● What the task requires:
From the line with "Foto del edificio - 718 Cherry Tree Ln NW" to the line with "161 NW 15th St, Miami, FL 33136 - Photo 4", output every line below exactly, both ends included. Skip the pictures.

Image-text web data
++++++++++++++++++++

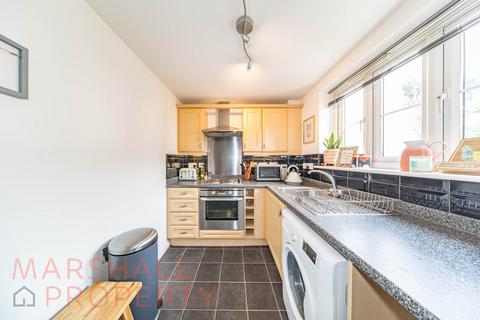 2 bedroom flat for sale, Applewood Court, Halewood Village, L26 6BQ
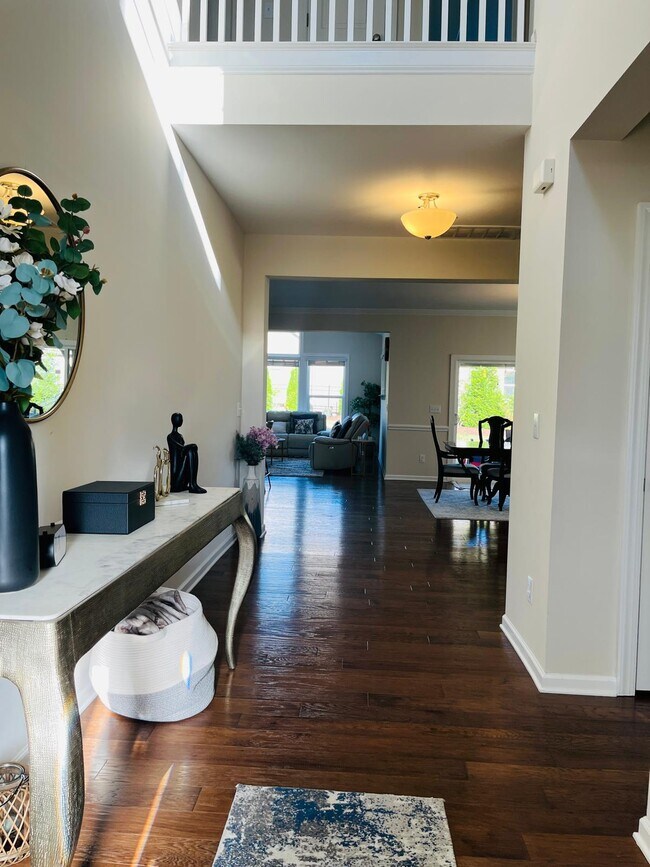 Foto del edificio - 718 Cherry Tree Ln NW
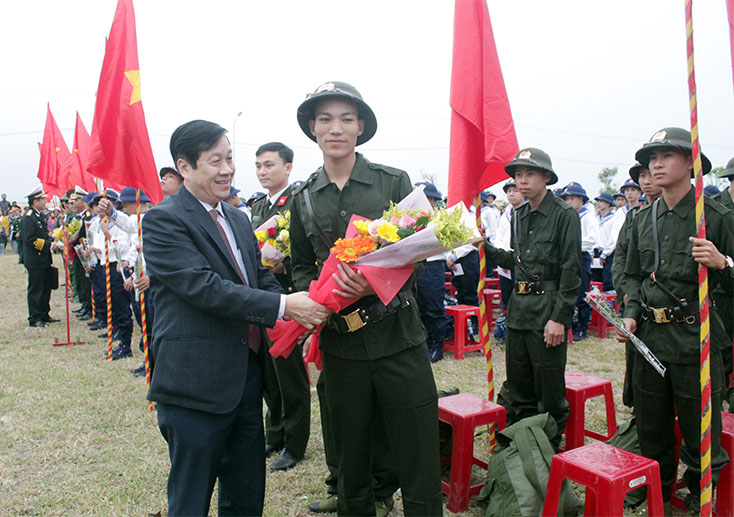 Đồng chí Nguyễn Xuân Quang, Phó Chủ tịch Thường trực UBND tỉnh trao hỗ trợ xây dựng trường Mầm non Bắc Lý, Đồng Hới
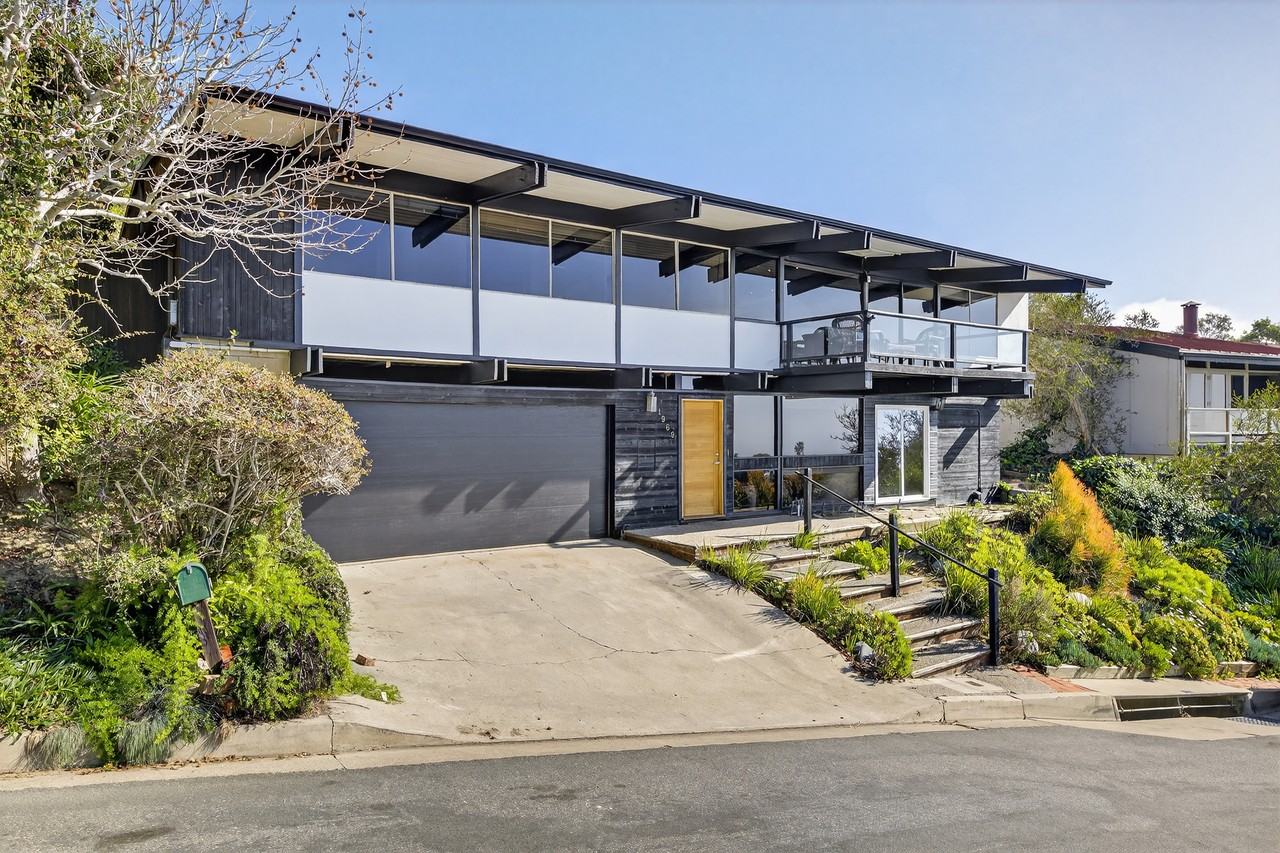 1969 San Remo Dr - Photo 3 of 14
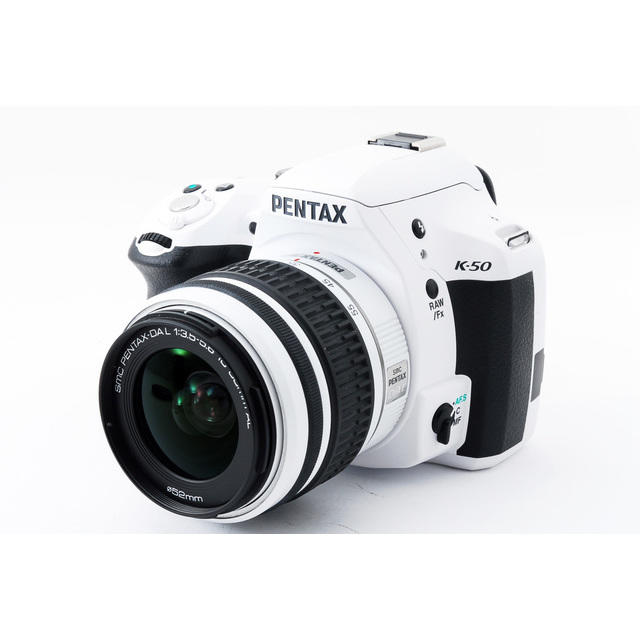 PENTAX(ペンタックス)の☆カメラバッグ付き！おしゃれなホワイト☆ペンタックス K-50 レンズキット スマホ/家電/カメラのカメラ(デジタル一眼)の商品写真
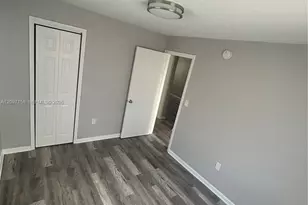 161 NW 15th St, Miami, FL 33136 - Photo 4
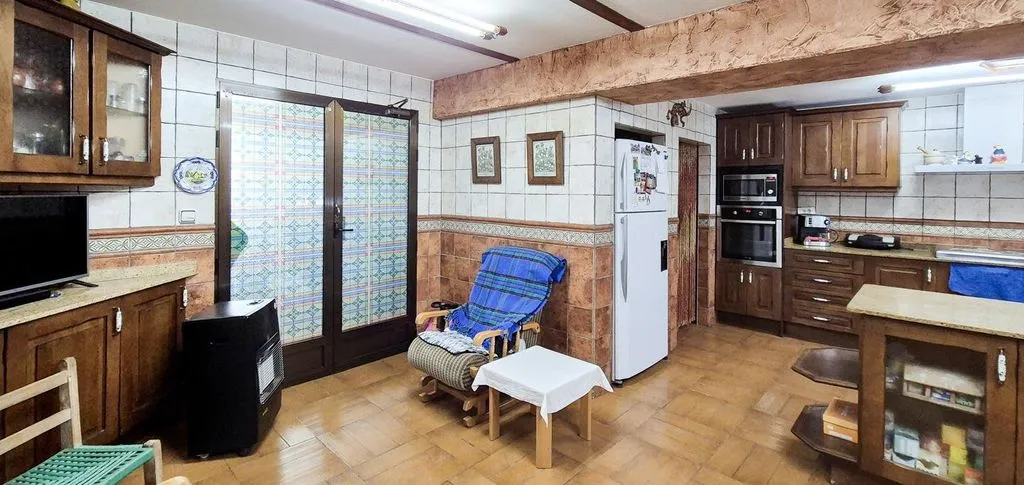 Cuisine - Luxury Villa with Pool in Elche, Valencia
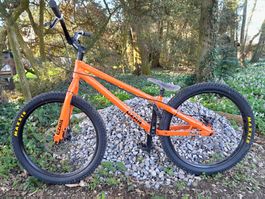 Vélo trial CZAR ION Plus 24''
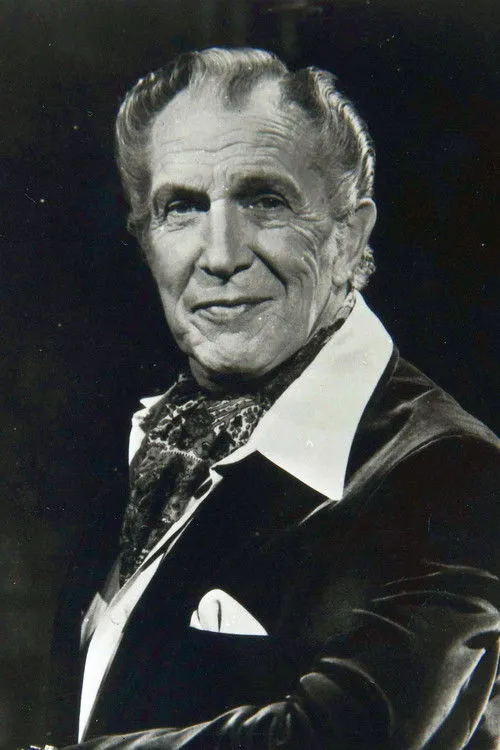 Vincent Price photo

++++++++++++++++++++

● Reply:
 Foto del edificio - 718 Cherry Tree Ln NW
 Đồng chí Nguyễn Xuân Quang, Phó Chủ tịch Thường trực UBND tỉnh trao hỗ trợ xây dựng trường Mầm non Bắc Lý, Đồng Hới
 1969 San Remo Dr - Photo 3 of 14
 PENTAX(ペンタックス)の☆カメラバッグ付き！おしゃれなホワイト☆ペンタックス K-50 レンズキット スマホ/家電/カメラのカメラ(デジタル一眼)の商品写真
 161 NW 15th St, Miami, FL 33136 - Photo 4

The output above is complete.